Resolution 5 is being proposed by the Board in accordance with NZX Listing Rule 4.5.1(c), which allows shareholders to ratify a prior issue of securities under Listing Rule 4.5.1. If Shareholders pass Resolution 5, and thereby ratify the issue of the Notes, the capacity to issue Shares under Listing Rule 4.5.1 up to the applicable percentage threshold permitted by the rule will be refreshed. This would preserve the ability of MOVE to issue further Shares up to the applicable percentage threshold in accordance with NZX Listing Rule 4.5.1.

Failure to pass Resolution 5 will not affect the validity of the Notes or conversion of the Notes into Shares but will reduce the number of Shares that can be issued by the Company under Listing Rule 4.5.1 in the future. The key terms of the Notes are as follows:

Principal Amount and Maturity Date

  • Each Note has a principal amount of $50,000.

  • The Notes have a maturity date of 30 April 2026 (“Maturity Date”).

Conversion

  • On the Maturity Date, all outstanding Notes will be converted into Shares (“Conversion”).

  • Any holder of Notes (“Noteholder”) may elect to Convert its Notes prior to the Maturity Date by giving written notice to the Company, provided that no such notice may be given before 1 May 2023.

  • On Conversion, the Company will issue a number of Shares (rounded to the nearest whole Share) calculated by dividing the principal amount of the relevant Note by an amount equal to 90% of the five-day VWAP of Shares. For this purpose, the five-day VWAP is the volume weighted average price of Shares on the NZX Main Board over the five NZX trading days before the date of Conversion.

  • To permit compliance with the Takeovers Code, a Noteholder may, before Notes are Converted, elect that all or some of its Notes be satisfied by the issue of non-voting shares in the Company (“Nonvoting Shares”), rather than Shares, on the basis of one Non-voting Share for each Share which would otherwise be issued. Non-voting Shares have the same rights and terms as, and rank equally in all respects with, Shares except that:

  • they will carry no voting rights (other than on a proposal that affects rights attaching to Nonvoting Shares);

  • they will not be quoted on the NZX Main Board; and

  • they may be converted at the election of the holder into a Share (so long as the Board is of the opinion that such conversion would not cause a breach of any relevant law).

  • The Company is not required to Convert any Notes if in the opinion of the Board such Conversion would cause a breach of any relevant law, including the Takeovers Code.

  • The principal amount of Notes is not able to be repaid in cash, except on a liquidation of the Company subject to the subordination and ranking arrangements described below.

Interest

  • Interest is payable (subject to the below) on each Note at the rate of 5% per annum, payable by quarterly instalments.

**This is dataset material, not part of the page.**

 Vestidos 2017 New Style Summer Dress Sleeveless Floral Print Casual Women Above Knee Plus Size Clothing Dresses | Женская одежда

  • The Company may in certain limited circumstances determine that interest on Notes will not be paid in cash for a period of time, but will be added to the principal amount of Notes. The Company may make that election only if:

  • The Company would not, if interest were paid in cash, meet the solvency test in section 4 of the Companies Act 1993; or

  • an event of default or potential event of default is continuing, or would occur as a result of the payment of interest, in respect of any borrowed money of the Company.

  • If and for so long as interest is being capitalised on the Notes, no dividend will be paid in respect of the Company’s Shares.

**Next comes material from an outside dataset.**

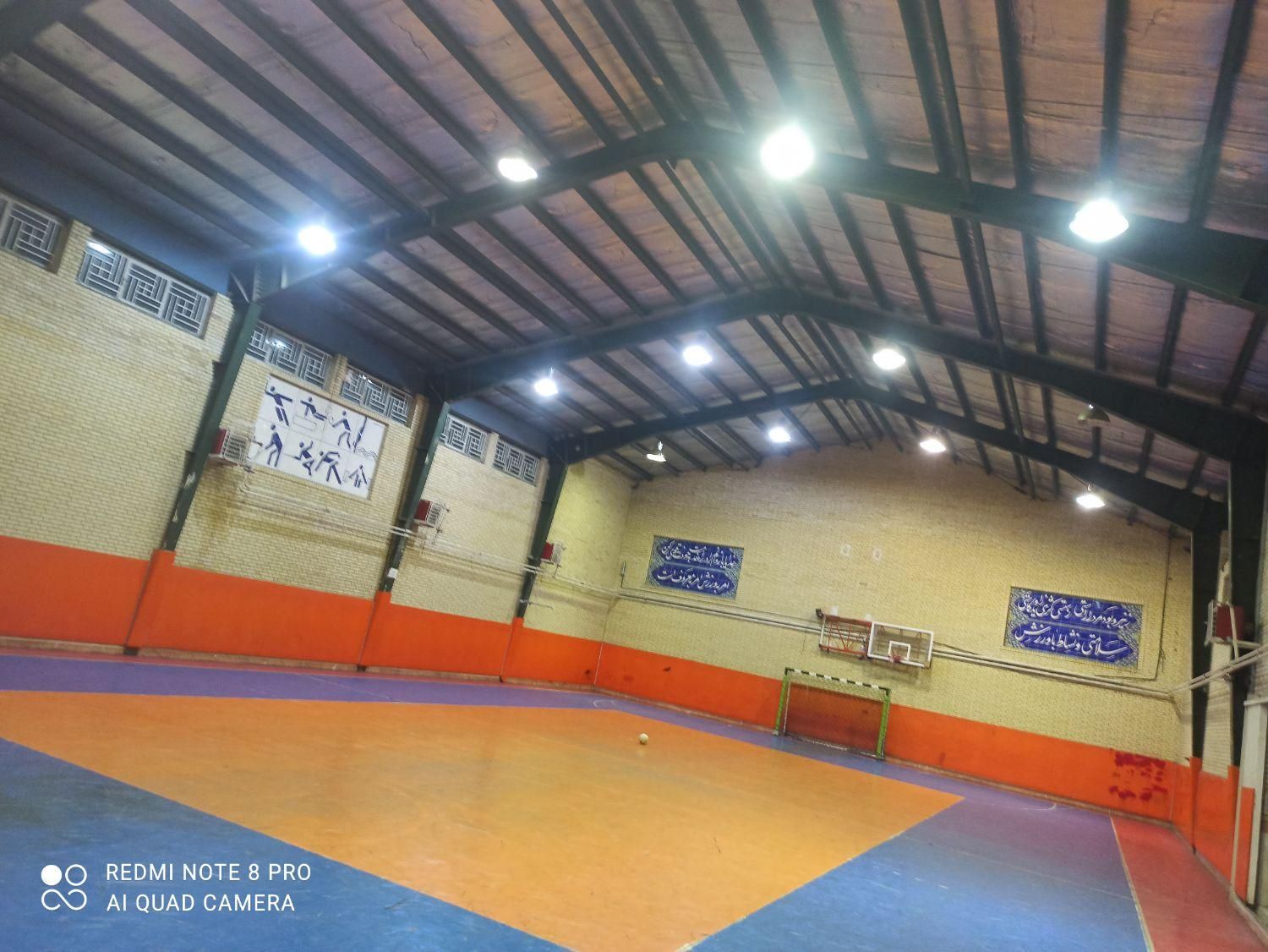 سالن ورزشی فاطمیه|رویداد ورزشی|تبریز, |دیوار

Subordination, ranking and listing

  • Notes are unsecured.

  • All amounts payable in respect of Notes (including principal and interest) are subordinated to all other creditors of the Company, so that on a liquidation of the Company, those amounts rank after the claims of all other creditors of the Company, other than other Noteholders.

  • Notes rank equally amongst themselves. Shares issued on Conversion will rank equally with all other Shares then on issue, except in respect of dividends or other benefits the record date for which falls before the date of Conversion.

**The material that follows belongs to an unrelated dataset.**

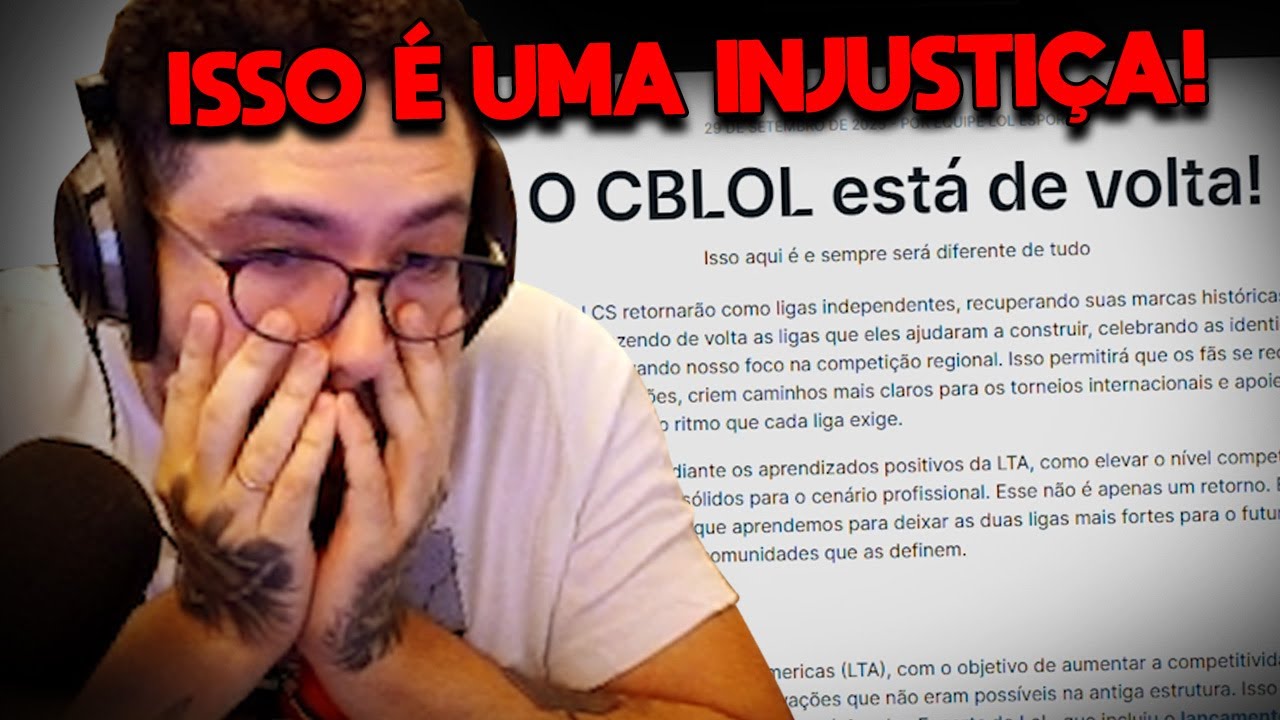 A PIOR DECISÃO DA RIOT É SEMPRE A PRÓXIMA! YETZ REAGINDO À VOLTA DO CBLOL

  • Notes are not guaranteed by any party (including subsidiaries of MOVE).

  • Notes will not be quoted on the NZX Main Board or any other stock exchange.

Transfer

  • Notes are freely transferable, provided that the Company may decline to accept a transfer of any Notes if in the opinion of the Company, if that transfer is effected and those Notes are Converted, a breach of the Takeovers Code, the Overseas Investment Act, or any other law would occur.

Takeovers

  • The Company and Noteholders have the right to Convert if a takeover offer, takeover scheme or similar is effected in respect of the Company, and the bidder becomes entitled to acquire all of the Shares.

Voting

  • Notes are non-voting.

The net proceeds of the Notes were used to repay bank debt.

The issue of Shares on conversion of the Notes will have a dilutionary effect on shareholders’ holdings in the Company. A worked example of the dilutionary effect on a shareholder who does not hold any Notes if all the Notes were converted into Shares is set out in the table below. For the purposes of this example, it is assumed that Conversion of the Notes occurred on 15 October 2021 at which time 90% of the five-day VWAP of Shares amounted to $1.43.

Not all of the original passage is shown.